For younger viewers, memories of Ed McMahon may be as much from his American Family Publishers sweepstakes' ads as from his nearly 30-year tenure as the longtime sidekick to Johnny Carson on The Tonight Show. But one has to appreciate what McMahon did for TV by so wholly coming to own the role of the host's foil.
McMahon's career would be unimaginable to anyone who lived before TV existed: his Zen-like job was mainly to be Carson's companion.

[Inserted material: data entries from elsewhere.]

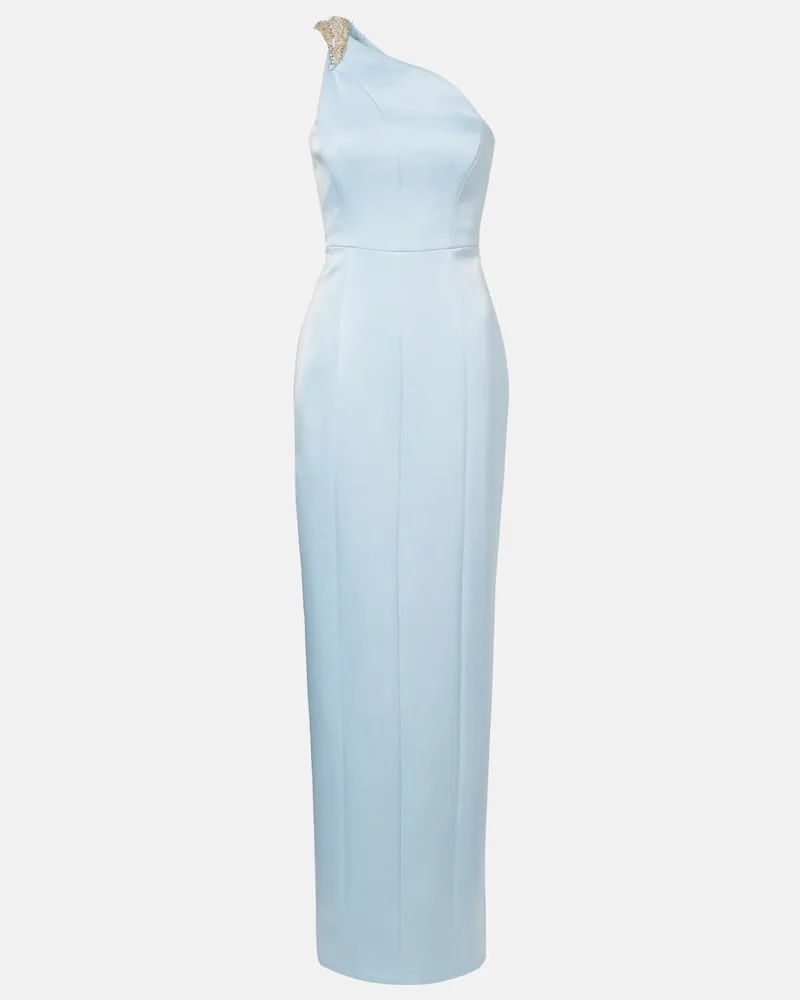 Rachel Gilbert One-Shoulder-Robe Celestia Blau
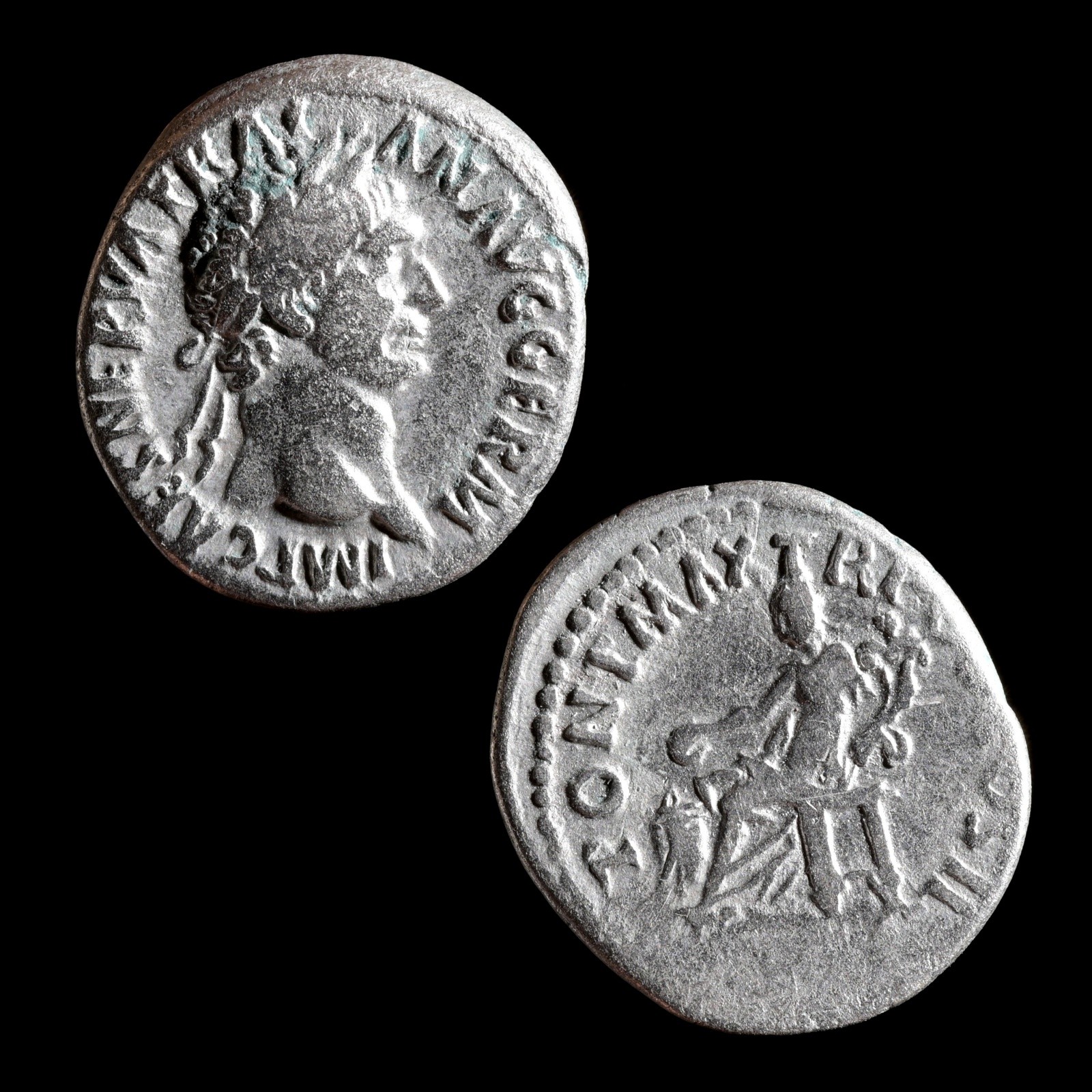 Trajan AR Denarius 98-99 AD Rome Concordia Ancient Roman Silver Coin Trajan AR Denarius 98-99 AD Rome Concordia Ancient Roman Silver Coin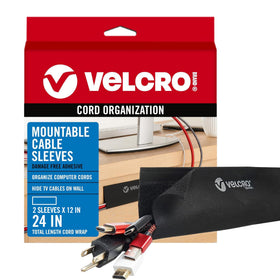 VELCRO Brand front packaging showing 12in 2 pack and tidy benefit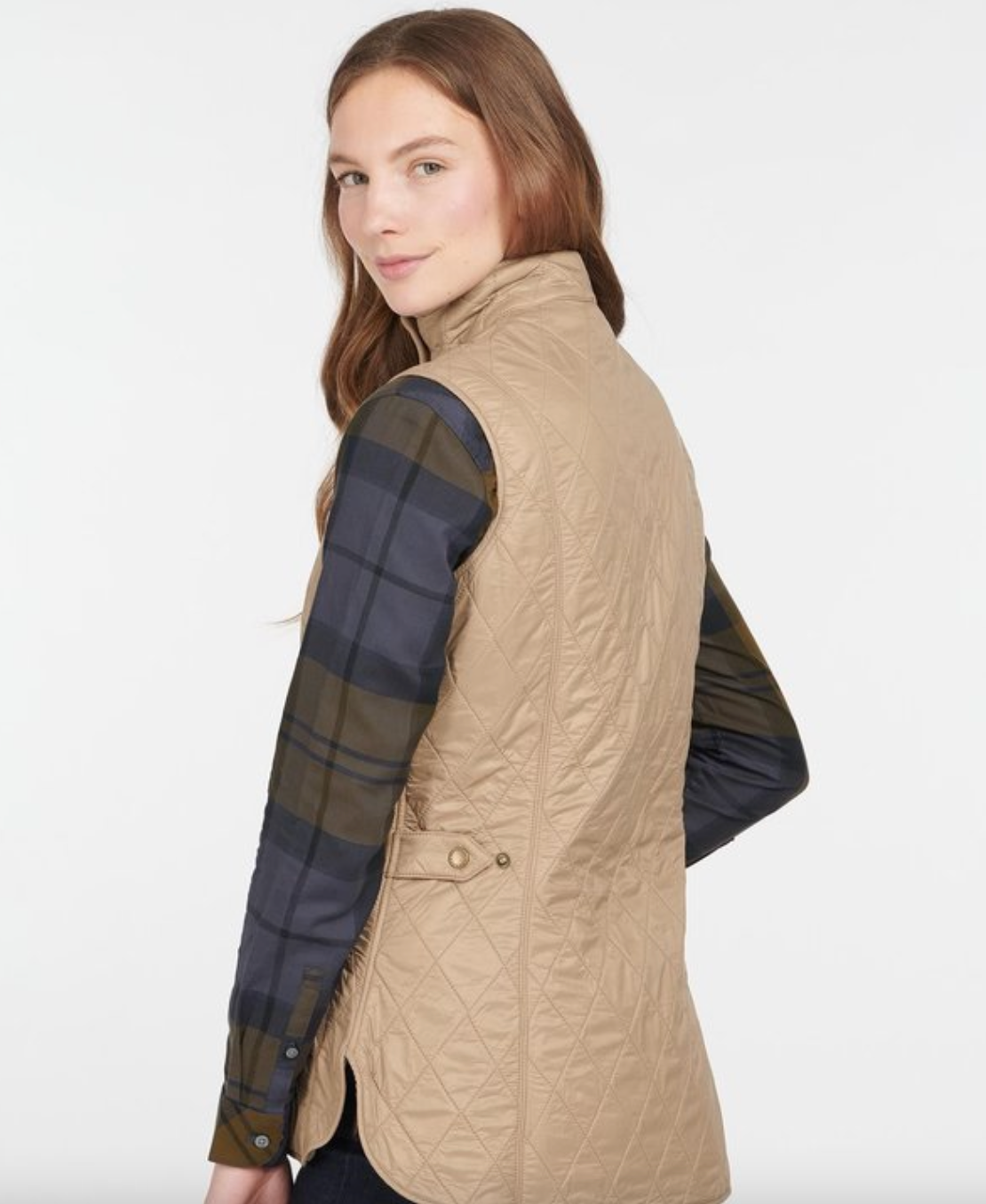 New Collection Barbour Otterburn Gilet Tan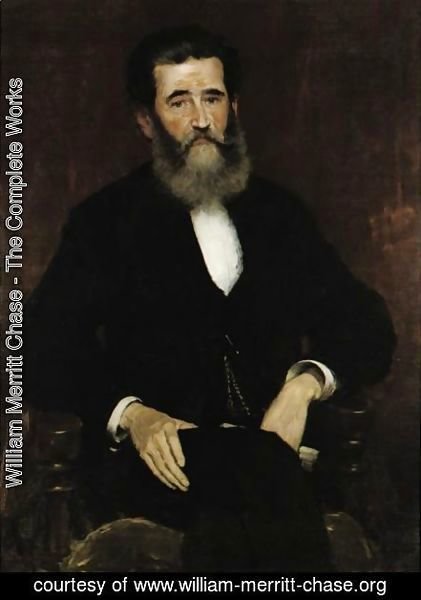 William Merritt Chase - Portrait Of Louis Prang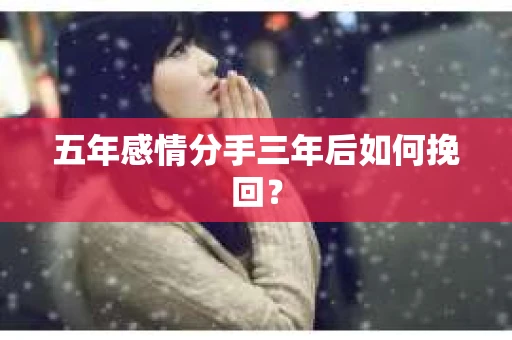 五年感情分手三年后如何挽回？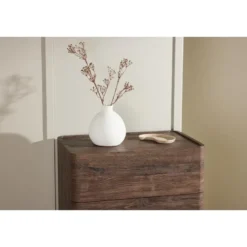 Ladekast 5 Lades - Donkerbruin MDF - 55x35x100cm - Noble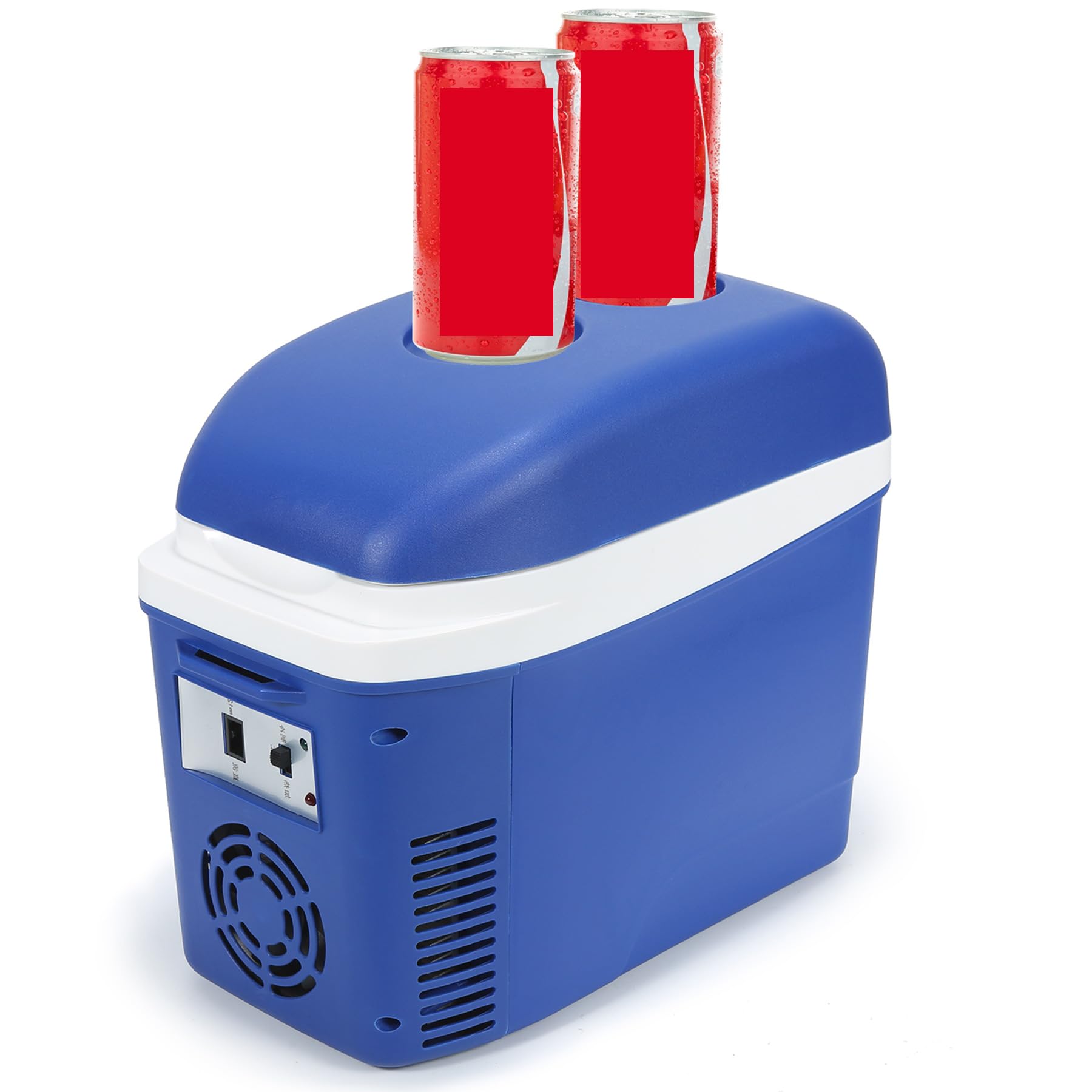 Photo 1 of Iceblue 7L/9Can Blue Mini Fridge for Bedroom, AC Plug & 12V Car Charger Dual-use Small Refrigerator,Portable & Compact Electric Cooler for Dorm,Travel,Picnic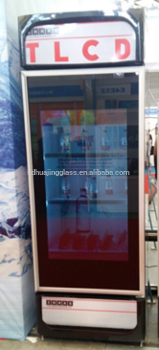 TLCD glass door fridge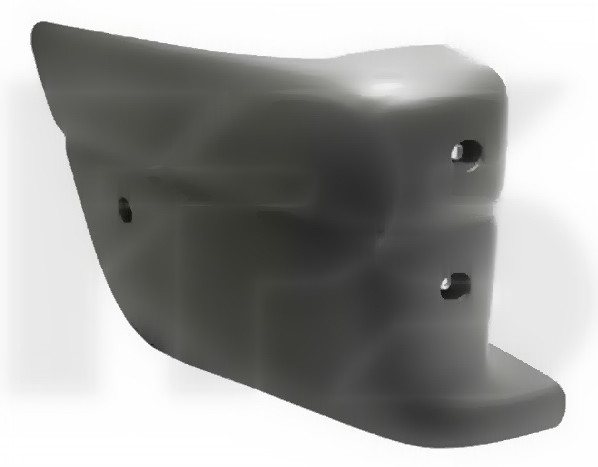 Кут бампера Opel Movano 2003-2010 задній правий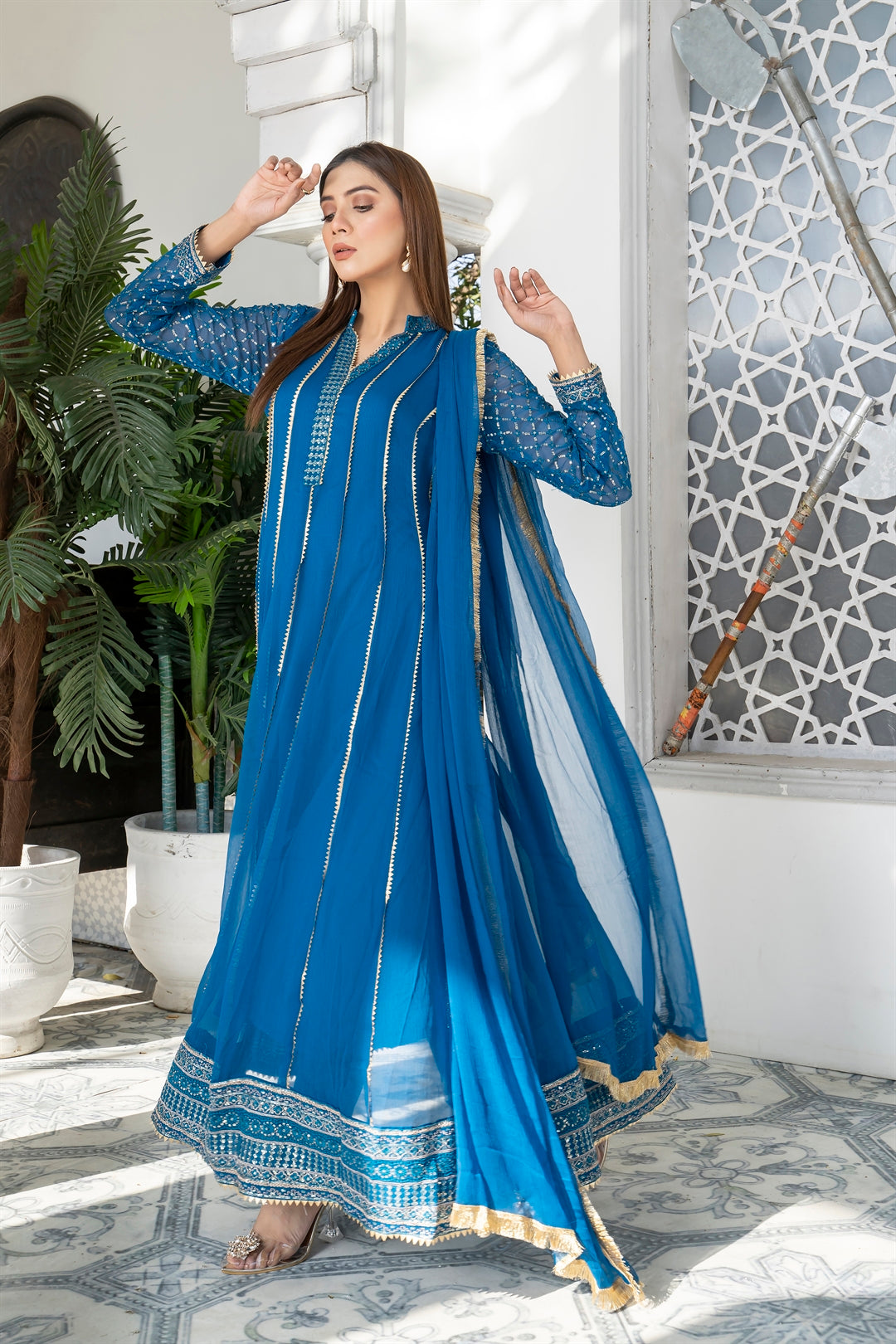 Manahils Stitched Formals Kurti 106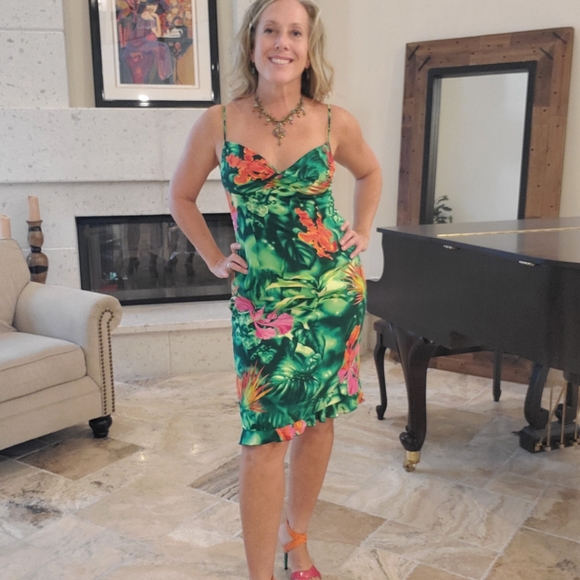 ESCADA silk dress - Picture 3 of 9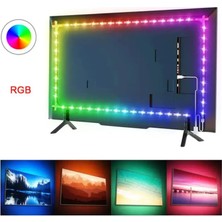 USB Rgb Şerit LED Kumandalı Tv Ledi 3metre
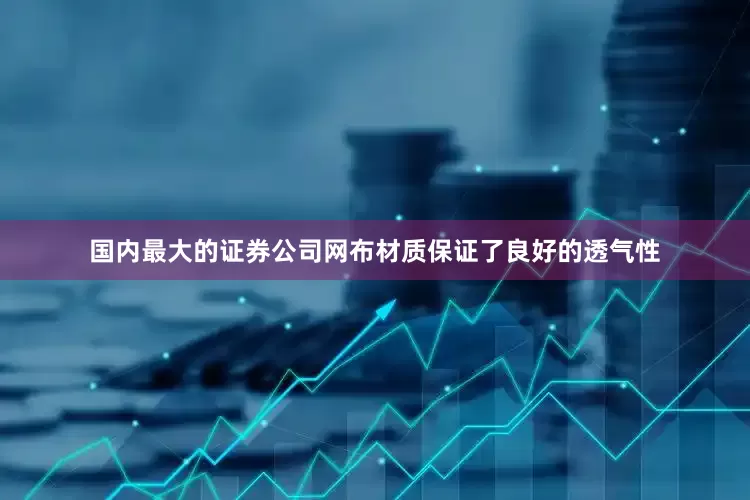 国内最大的证券公司网布材质保证了良好的透气性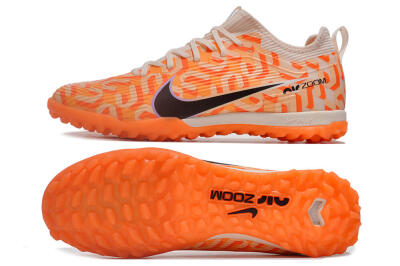 Nike Air Zoom Mercurial Vapor 15 Pro TF Low-Tops Soccer Shoes - Orange/Purple/Black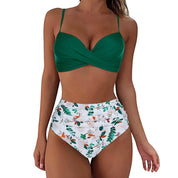 Elionne - Damesstrandbikini met hoog uitgesneden zwembroekje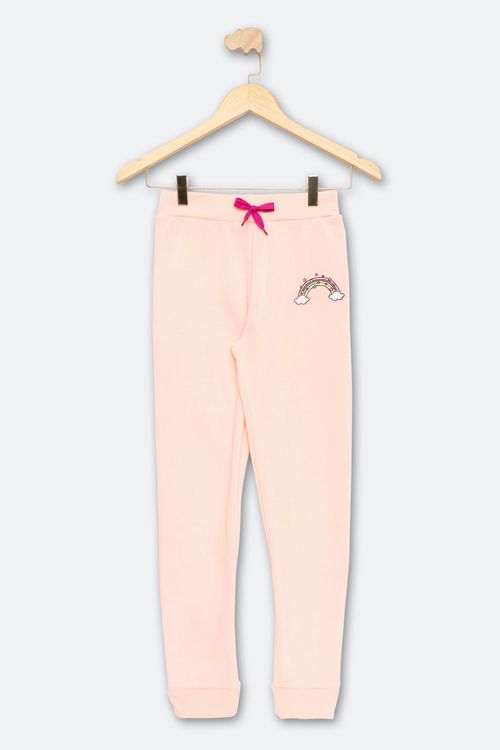 CALÇA FLEECE INF NAS 4/10 IAA400 CORAL N - CORAL NEON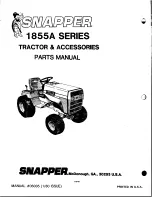 Preview for 46 page of Snapper 1855A Series Parts Manual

On one hand, McMahon was the brash voice of Tonight ("Heeeeeeeeere's Johnny!") who bantered with Carson and gamely inhabited his yuk-it-up, good-guy persona.
But McMahon also existed to reflect glory on the host and the guests, to be the buffoon and the butt of jokes when necessary. (They call the job second banana, after all, with all the pratfalls that the risible fruit implies.) Through it all, he kept a bluff good humor, something that must have taken considerable effort to seem as effortless as it did.
Even after his Tonight career, and when he fell on well-publicized financial hard times recently, McMahon was willing to poke fun at himself, spoofing his troubles earlier this year in a Super Bowl ad for Cash4Gold.com. You gotta laugh: that was the message McMahon sent to the public through the end. And though he made a career of his laugh that big, booming, avuncular laugh it is to Ed McMahon's credit that he never made it seem like work.